A discussion about the benefits of radar should account for how modern AI based on neural networks makes decisions. Understanding this clarifies Elon's comment about not needing radar and thinking probabilistically.
The NN AIs in Teslas are basically big probability calculators. The decision making in NNs is probability based, not binary (e.g. not check under the car in front and see if another car is slowing down). NNs have weights (coefficients) applied to each input (pixel) of each sensor (camera, radar, etc) which generate outputs that are fed into more layers that have weights that effectively use input to predict what the proper objects or behavior should be.
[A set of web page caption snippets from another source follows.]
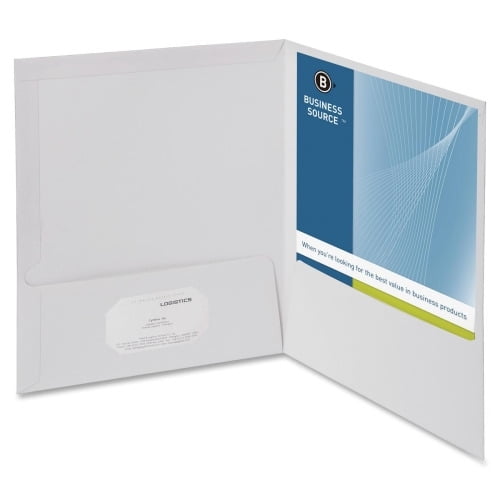Business Source Laminated Cover 2-pocket Portfolio Letter - 8 1/2' x 11' Sheet Size - 100 Sheet Capacity - 2 Internal Pocket(s) - White - 25 / Box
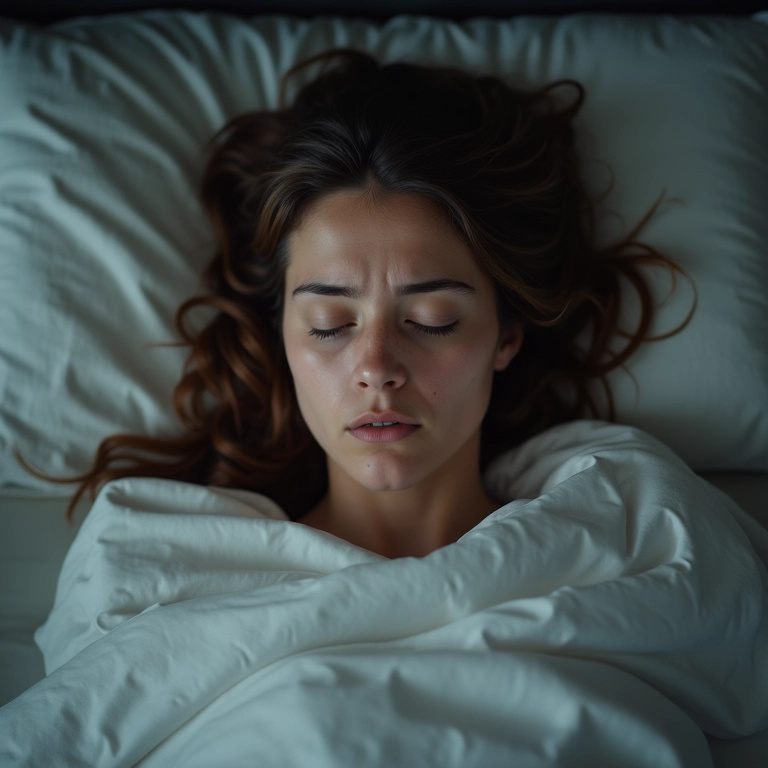 Mulher insone em cama colorida, com expressão preocupada, refletindo sobre traição em sonho.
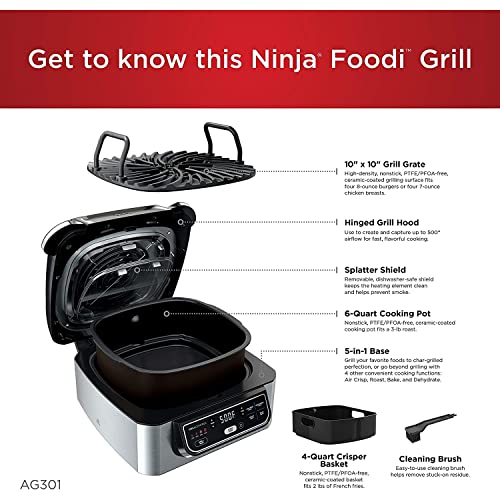 Ninja AG301 Foodi 5 in 1 Indoor Electric Grill with Air Fry, Roast, Bake & Dehydrate Programmable, Black/Silver: Home & Kitchen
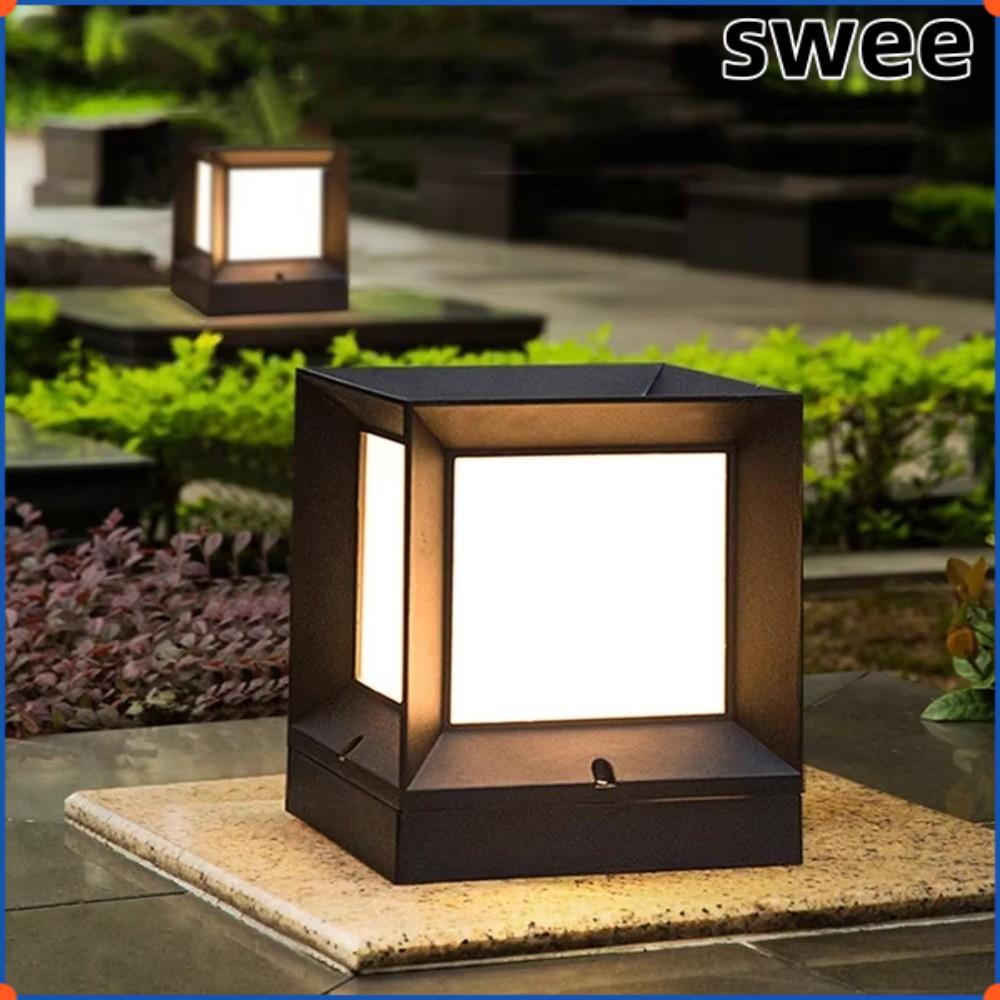 SWEE ไฟ Led โพสต์กลางแจ้ง, ไฟคอลัมน์ E27 220V, คอลัมน์โมเดิร์น Pier Enclosure Fixture IP54 กันน้ํารั
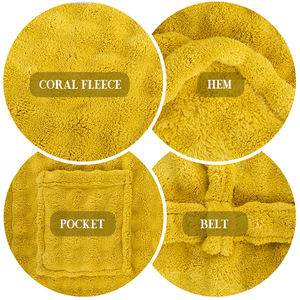 <span class=keywords><strong>Accappatoio</strong></span> di Lusso in Morbido Peluche Tinta Unita <span class=keywords><strong>con</strong></span> <span class=keywords><strong>Collo</strong></span> <span class=keywords><strong>a</strong></span> <span class=keywords><strong>Scialle</strong></span>, Caldo <span class=keywords><strong>Accappatoio</strong></span> in Pile Corallo per Vendita all'Ingrosso - Product Image 3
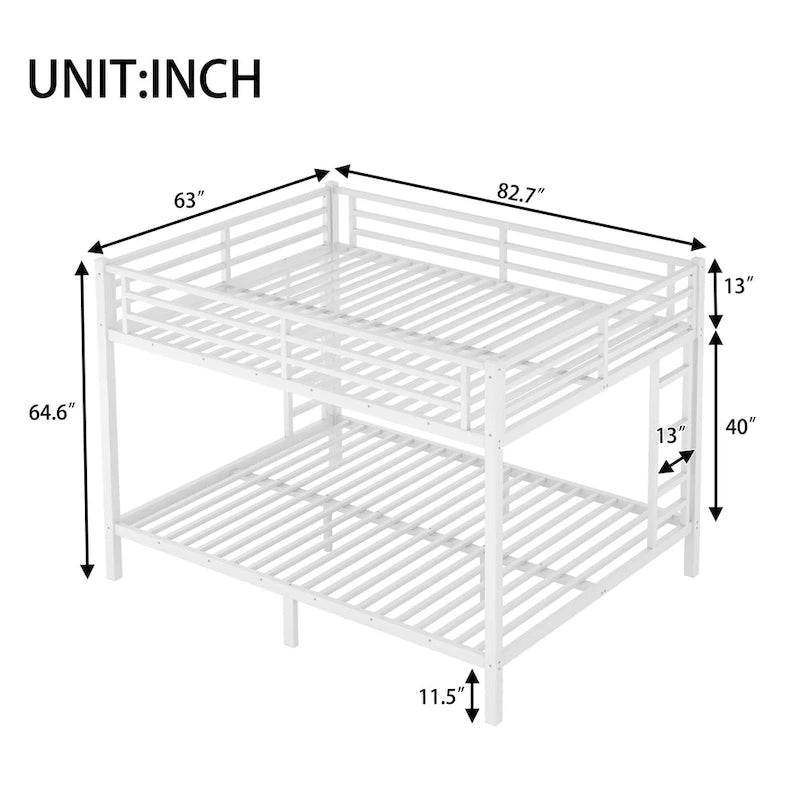 Metal Queen over Queen Bunk Bed for Teens and Adults,Space-Saving/Noise Reduced/No Box Spring Needed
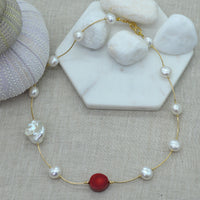 Tin Cup Freshwater Pearl Coral 14K gold filled necklace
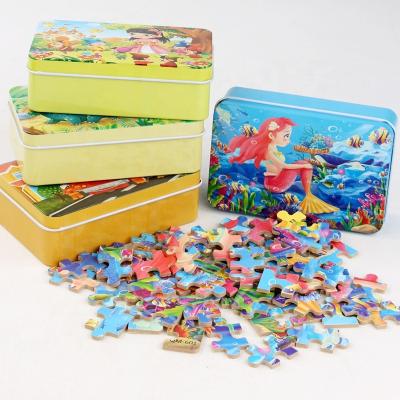 China 2022 New DIY TOY Amazon Wooden Toys Early Education Anime Cartoon Puzzles 60 Iron Wood Box Puzzles Educational Toys for sale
How to calculate the coefficients and create the models is where the magic of machine learning lies, but the point is that Tesla can assess the contribution provided by the radar to the accuracy of the system's predictions. So it's all about how much improvement there is in the accuracy of predictions, rather than specific situations because predictions are a spectrum of probabilities.
Arguing that radar handles certain cases is binary thinking because it implies that a "case" is always recognizable (TRUE) to begin with, but NNs assign probabilities to even recognizing the scenario (e.g. 82.35% probability). Also, this argument does not include ROI.
Let's look at the ROI argument with completely made up numbers. If radar ($100) improves NN predictive accuracy by 5%, but adding two more cameras ($20) improves NN predictions by 10%, Tesla is better off installing two more cameras instead of using an expensive radar. The ROI argument immediately says that radar is not worth it and extra cameras are a better choice.
Now let's look at the probability argument for 2 cameras and whether a 10% improvement makes sense for $20. If prediction errors are reduced by only 10% with two cameras, maybe accidents would drop from 10,000 to 9,000. That sounds like a lot, but autonomy requires NNs reduce errors by an order of magnitude for 5 iterations. In other words, reducing errors from 10,000 -> 1,000, then 1,000 -> 100, etc until it's .1%. It's clear that 10% doesn't make any difference in getting to autonomy, because the rate of improvement through better NN models and training needs to improve so much more that a one time 10% improvement would not even be noticed compared to the 100,000% improvement through the NN.
I'm not saying my made up numbers are right. However, Tesla does know what the numbers are. Given the priority Tesla has placed on safety, I'm pretty sure that they would not drop radar if it added material improvement relative to what FSD software is achieving.